This is the operational mindset teams need to bring to agents:
- If a task only needs a working copy, the agent should not see the whole filesystem.
- If a task only needs package registry access, it should not get broad internet egress.
- If a workflow only needs read-only issue metadata, it should not receive a write-capable project token.
- If external content is loaded into context, it should be treated as hostile input even when the connector itself is approved.
That last point is easy to miss. Anthropic notes that an audited connector is not the same as audited data. A GitHub connector can be legitimate while a README pulled through it is malicious. The attack surface is not just the tool. It is every piece of content the tool can place into the agent’s reasoning loop.
Monitor the trace, not just the request
Containment is necessary, but it is not the whole operating model. Once agents are doing real work, teams need to observe what happened with enough detail and speed to matter.
OpenAI’s post, [“How we monitor internal coding agents for misalignment”](https://openai.com/index/how-we-monitor-internal-coding-agents-misalignment/), describes a low-latency internal monitoring system for coding-agent interactions. The system reviews conversations, tool calls, outputs, and actions for behavior inconsistent with user intent or internal security and compliance policies. In the described version, reviews happen within 30 minutes of completion, with an expected move toward nearer-real-time monitoring and possible pre-execution blocking for the highest-risk actions.

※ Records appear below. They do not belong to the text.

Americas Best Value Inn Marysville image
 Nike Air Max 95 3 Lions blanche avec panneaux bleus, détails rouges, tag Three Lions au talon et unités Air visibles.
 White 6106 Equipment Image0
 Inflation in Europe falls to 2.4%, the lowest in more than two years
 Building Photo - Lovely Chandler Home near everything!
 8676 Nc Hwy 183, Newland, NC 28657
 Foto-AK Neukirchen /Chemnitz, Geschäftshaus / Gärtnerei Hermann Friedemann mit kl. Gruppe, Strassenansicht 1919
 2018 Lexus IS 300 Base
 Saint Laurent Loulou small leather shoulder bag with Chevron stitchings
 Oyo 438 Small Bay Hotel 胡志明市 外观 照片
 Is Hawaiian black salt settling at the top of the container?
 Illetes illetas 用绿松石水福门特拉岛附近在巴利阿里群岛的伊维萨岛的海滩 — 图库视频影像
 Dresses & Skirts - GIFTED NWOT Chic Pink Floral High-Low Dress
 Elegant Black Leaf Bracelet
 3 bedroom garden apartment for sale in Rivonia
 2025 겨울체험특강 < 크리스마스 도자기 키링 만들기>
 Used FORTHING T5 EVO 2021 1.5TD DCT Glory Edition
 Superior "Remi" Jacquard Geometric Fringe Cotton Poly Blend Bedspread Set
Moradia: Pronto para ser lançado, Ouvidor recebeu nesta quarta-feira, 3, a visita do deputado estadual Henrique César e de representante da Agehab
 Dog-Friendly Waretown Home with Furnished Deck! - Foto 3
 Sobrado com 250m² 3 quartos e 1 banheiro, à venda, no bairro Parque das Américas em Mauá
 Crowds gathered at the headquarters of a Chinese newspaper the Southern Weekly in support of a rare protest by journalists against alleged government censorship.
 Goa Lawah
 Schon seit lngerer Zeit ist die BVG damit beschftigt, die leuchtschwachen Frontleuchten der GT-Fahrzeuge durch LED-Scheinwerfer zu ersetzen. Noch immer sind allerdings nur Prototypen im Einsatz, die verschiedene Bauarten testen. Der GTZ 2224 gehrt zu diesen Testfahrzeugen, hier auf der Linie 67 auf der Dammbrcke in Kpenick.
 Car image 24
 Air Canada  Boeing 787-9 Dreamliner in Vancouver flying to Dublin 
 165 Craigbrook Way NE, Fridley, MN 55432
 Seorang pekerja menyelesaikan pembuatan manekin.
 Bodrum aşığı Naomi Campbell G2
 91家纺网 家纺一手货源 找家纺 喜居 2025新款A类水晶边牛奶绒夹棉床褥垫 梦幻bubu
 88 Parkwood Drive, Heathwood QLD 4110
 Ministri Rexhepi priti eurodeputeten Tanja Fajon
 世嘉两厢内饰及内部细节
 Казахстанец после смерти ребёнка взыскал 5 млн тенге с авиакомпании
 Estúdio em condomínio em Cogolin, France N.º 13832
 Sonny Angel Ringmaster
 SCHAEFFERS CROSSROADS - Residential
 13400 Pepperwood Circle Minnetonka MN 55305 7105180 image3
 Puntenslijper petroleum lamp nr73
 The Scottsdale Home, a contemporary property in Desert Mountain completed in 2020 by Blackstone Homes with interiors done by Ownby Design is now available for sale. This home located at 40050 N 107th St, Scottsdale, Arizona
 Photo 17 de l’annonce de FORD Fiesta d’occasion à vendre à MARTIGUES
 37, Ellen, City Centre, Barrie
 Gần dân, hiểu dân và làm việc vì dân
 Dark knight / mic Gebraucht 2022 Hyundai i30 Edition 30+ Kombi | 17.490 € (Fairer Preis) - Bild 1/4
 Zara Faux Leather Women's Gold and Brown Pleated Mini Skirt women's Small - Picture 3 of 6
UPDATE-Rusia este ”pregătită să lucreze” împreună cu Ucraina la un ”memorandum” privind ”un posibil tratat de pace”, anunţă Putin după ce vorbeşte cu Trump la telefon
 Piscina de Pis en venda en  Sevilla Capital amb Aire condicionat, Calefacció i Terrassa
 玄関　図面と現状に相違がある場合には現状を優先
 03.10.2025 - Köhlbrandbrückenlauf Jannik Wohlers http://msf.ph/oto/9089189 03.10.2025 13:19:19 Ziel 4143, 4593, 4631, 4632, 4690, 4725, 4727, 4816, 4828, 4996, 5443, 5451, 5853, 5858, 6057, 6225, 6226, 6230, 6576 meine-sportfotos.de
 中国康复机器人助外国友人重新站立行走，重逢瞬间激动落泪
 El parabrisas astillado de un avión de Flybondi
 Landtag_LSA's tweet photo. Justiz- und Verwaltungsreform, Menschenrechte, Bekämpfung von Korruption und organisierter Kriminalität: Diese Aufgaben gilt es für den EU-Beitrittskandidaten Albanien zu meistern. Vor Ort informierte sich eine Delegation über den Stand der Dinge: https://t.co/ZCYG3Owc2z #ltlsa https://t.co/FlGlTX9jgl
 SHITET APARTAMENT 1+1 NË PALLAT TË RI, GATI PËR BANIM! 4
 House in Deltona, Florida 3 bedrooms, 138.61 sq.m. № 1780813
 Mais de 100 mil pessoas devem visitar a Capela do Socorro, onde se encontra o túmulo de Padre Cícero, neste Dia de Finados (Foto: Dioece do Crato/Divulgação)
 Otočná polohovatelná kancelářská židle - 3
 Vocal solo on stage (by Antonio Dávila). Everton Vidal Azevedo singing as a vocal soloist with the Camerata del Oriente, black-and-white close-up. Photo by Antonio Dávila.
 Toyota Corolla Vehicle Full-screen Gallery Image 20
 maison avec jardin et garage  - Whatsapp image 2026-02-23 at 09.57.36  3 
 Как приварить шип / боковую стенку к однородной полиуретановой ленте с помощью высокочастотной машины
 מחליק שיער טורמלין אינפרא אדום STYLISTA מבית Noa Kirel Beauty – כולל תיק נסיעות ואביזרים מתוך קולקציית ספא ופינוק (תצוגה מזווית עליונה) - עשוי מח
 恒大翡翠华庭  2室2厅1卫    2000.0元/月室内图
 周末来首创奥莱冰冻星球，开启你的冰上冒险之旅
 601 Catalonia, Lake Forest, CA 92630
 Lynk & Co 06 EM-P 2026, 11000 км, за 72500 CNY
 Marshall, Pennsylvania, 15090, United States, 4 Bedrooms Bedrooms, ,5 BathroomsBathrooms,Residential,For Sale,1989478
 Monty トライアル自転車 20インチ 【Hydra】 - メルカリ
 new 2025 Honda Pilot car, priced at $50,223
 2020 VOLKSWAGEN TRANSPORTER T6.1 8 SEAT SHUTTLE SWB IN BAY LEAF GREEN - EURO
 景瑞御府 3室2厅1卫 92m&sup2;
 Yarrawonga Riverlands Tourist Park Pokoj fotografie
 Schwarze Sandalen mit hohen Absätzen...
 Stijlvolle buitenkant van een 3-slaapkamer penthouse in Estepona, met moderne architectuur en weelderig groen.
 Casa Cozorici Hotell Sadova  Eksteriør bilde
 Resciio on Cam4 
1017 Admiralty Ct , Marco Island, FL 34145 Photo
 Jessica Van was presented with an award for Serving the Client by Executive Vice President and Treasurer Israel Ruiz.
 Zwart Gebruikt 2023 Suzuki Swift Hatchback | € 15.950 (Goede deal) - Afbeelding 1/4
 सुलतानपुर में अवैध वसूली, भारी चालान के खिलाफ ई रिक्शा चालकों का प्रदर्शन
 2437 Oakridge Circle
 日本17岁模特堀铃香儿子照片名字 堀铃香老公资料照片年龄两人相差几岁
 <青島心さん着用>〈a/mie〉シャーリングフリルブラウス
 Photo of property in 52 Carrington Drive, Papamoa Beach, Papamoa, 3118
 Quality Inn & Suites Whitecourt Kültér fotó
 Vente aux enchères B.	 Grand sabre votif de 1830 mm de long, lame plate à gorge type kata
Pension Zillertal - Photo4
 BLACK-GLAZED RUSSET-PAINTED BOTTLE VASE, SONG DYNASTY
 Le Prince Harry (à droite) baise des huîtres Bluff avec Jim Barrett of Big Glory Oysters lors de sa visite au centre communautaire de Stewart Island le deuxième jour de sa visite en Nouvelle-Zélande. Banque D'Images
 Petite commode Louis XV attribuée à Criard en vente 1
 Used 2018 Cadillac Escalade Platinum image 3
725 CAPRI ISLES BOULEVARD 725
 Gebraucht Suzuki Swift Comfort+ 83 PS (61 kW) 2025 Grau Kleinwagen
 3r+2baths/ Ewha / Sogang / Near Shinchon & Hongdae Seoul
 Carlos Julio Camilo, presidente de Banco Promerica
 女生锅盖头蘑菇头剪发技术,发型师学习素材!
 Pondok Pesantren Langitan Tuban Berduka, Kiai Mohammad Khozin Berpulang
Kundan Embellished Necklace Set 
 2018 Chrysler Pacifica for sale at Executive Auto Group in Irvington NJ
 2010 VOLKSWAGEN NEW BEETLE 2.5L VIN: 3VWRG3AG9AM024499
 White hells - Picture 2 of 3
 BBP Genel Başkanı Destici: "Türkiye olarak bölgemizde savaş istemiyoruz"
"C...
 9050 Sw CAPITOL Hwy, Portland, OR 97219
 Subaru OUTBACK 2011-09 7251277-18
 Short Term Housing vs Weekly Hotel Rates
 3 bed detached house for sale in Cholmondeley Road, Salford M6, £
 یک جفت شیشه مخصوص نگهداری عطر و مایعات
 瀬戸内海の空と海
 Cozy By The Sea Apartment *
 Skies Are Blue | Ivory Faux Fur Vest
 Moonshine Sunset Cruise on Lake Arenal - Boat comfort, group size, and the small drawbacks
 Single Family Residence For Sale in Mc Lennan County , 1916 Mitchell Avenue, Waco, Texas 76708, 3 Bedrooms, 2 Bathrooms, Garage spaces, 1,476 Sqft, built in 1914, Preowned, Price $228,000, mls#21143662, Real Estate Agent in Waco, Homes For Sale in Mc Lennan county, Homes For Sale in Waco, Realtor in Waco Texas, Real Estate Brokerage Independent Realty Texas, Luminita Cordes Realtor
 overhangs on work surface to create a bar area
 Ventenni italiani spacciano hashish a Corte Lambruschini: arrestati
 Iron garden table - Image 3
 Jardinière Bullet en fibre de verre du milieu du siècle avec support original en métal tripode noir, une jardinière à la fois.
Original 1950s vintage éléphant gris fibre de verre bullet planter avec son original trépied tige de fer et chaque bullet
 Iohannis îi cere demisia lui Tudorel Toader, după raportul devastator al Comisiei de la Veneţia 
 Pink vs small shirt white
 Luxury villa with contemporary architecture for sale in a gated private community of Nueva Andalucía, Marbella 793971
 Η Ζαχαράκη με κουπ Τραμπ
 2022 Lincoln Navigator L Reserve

The lesson is not that every company needs OpenAI’s exact monitoring stack. It is that agent safety moves from static policy into operational telemetry. A mature deployment should know which commands ran, which files changed, which external content entered context, which credential scope was available, and whether the agent worked around a restriction to satisfy the user’s goal.
OpenAI reports that its monitor flagged every interaction employees independently escalated, and also notes that models can be overly eager to work around restrictions in pursuit of a user-specified goal. That is the practical failure mode: not movie-villain scheming, but helpful overreach.
You do not catch that with a launch checklist. You catch it with traces.
Multi-agent failures start before the final answer
The blast-radius budget also has to cover workflow shape. As soon as teams build multi-agent systems, the final response is often the least useful place to debug.
The PROTEA paper, [“Offline Evaluation and Iterative Refinement for Multi-Agent LLM Workflows”](https://arxiv.org/abs/2605.18032), describes the problem well: failures can originate in subtle intermediate outputs and propagate downstream. By the time the final answer is wrong, the real defect may be three nodes upstream.
PROTEA’s proposed answer is graph-level evaluation: execute the workflow offline, score intermediate node outputs with configurable rubrics, overlay states and rationales on the workflow graph, and support targeted prompt revisions. The reported production-adjacent examples improved document-inspection accuracy from 64.3% to 83.9% and recommendation Hit@5 from 0.30 to 0.38.
For operators, the exact tool matters less than the pattern. A serious agent workflow needs intermediate assertions. If a planner hands bad assumptions to a researcher, and the researcher hands weak evidence to a writer, and the writer produces polished nonsense, final-answer QA is too late and too coarse.
Blast radius is not only about secrets and shells. It is also about bad intermediate state flowing through a system with confidence.
Repeated work should become deterministic execution
There is another way to reduce risk: stop asking the model to improvise the same procedure every time.
The arXiv paper [“Separating Intelligence from Execution: A Workflow Engine for the Model Context Protocol”](https://arxiv.org/abs/2605.00827) proposes an MCP-native workflow engine where an agent reasons once to produce a declarative workflow blueprint, then future runs execute through a single run_workflow call. In the paper’s Kubernetes CMDB synchronization example, the workflow covered 67 orchestrated steps and reported more than 99% per-execution token-cost reduction with deterministic, idempotent execution and no agent involvement at run time.
That is not just an efficiency story. It is a safety story.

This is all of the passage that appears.